Eu volto para minhas amigas e elas me olham com cara preocupada, o que me garante que tudo foi muito claro pra elas também. Elas me perguntam "quem foi esse cara?!" e "ele disse que você não é assim? Quem é ele pra dizer isso?!". Eu me sinto um pouco melhor, mais em segurança (valeu mil vezes, Keks e Carol!). Eu falo como eu não sei lidar com essas pessoas, que eu não soube quando responder, que ele falou que eu tava muito masculinizada e eu tava com muita raiva. Minha amiga diz que eu podia ter respondido "Eu sou um homem!". Eu fico feliz com a idéia, vou tentar na próxima vez. Porque certamente haverá uma próxima vez.
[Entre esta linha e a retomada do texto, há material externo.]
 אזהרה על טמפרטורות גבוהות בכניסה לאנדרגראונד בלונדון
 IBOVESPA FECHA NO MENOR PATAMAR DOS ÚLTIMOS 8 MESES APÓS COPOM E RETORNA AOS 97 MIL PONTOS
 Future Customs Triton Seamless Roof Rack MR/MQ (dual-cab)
O pior é que, depois disso, durante o resto da noite eu fiquei notando cada pedacinho de mim que poderia ter atraído esse cara, fiquei pensando que talvez se eu tivesse escondendo os peitos ele nem me reconhecesse como mulher e não viesse atrás de mim, fiquei notando como a calça realça minha bunda de uma forma sexy e pensando em comprar calças masculinas que escondem a bunda, fazendo mil planos de esconder meu corpo para me proteger. Me sentindo ameaçada. E isso por um acontecimento estupidamente normal. Que só foi pior que o normal porque dessa vez eu reagi mais que o normal, talvez. Porque a norma é não reagir. A norma é se submeter, como uma boa menina, ou recorrer ao socorro de machos grandes e ameaçadores. Se mostrar como propriedade deles, para se proteger. Meu namorado me contou que estava batendo papo com esse cara depois e que ele ficou muito confuso e pediu desculpas quando descobriu que eu era namorada dele. Claro, pediu desculpas pra ele. Normal.
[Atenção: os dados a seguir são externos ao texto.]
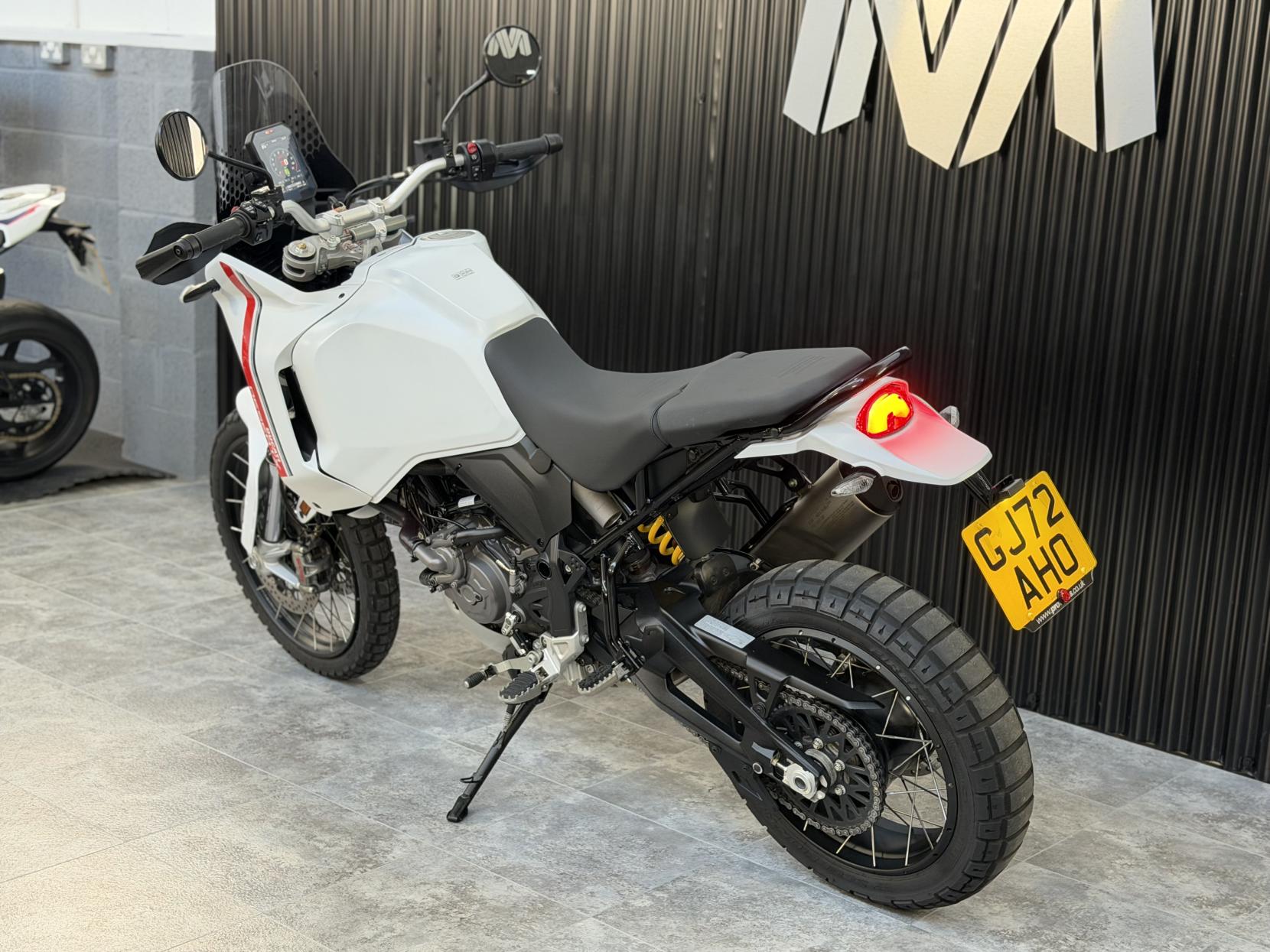 Ducati DesertX 937 Adventure Petrol Ducati Quick Shift Euro 5 (110 ps)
E afinal chegamos à moral da história. Eu não contei essa história para falar da agressão dos xavecos, que é uma coisa super comum e que todo mundo já deve saber como é. Eu contei porque ela mostra o quanto alguns preceitos de feminilidade estão a serviço do machismo. O homem em questão deliberadamente tentou evocar a feminilidade como forma de se apropriar de mim, de me controlar para ter acesso ao meu corpo. Ele me acusou de ser muito "masculinizada" quando eu resisti a ele, quando me defendi. A masculinidade aqui era uma muralha entre eu e ele, e ele usou os papéis de gênero para tentar me derrubar. Algumas vezes a "utilidade" dos papéis de gênero parecem coisa de gente que teoriza demais e que vê intencionalidade em coisa que não tem -- mas às vezes, e essa história é um exemplo claríssimo disso, as pessoas usam os papéis de gênero de forma maliciosa, deliberadamente, para controlar o comportamento dos outros em seu favor. A feminilidade obriga uma mulher a sorrir, a ser gentil, a dar beijo no rosto e a se submeter ao toque de homens, exceto quando acompanhada. A feminilidade serve para transformar a mulher desacompanhada numa presa fácil. A masculinidade pode ser usada como resistência, mas será prontamente desautorizada. O Homem tentará de todas as formas coagir sua presa a abandonar essa resistência e, em defesa de sua feminilidade, se expôr a ele. Assim a feminilidade serve ao homem machista.
Meu objetivo atual é ser capaz de abandonar todas as feminilidades que me tornam frágil e que me expõe, e nunca me sentir na obrigação de ser "feminina". Quero poder ser feminina apenas como e quando isso me fizer bem e quando EU quiser.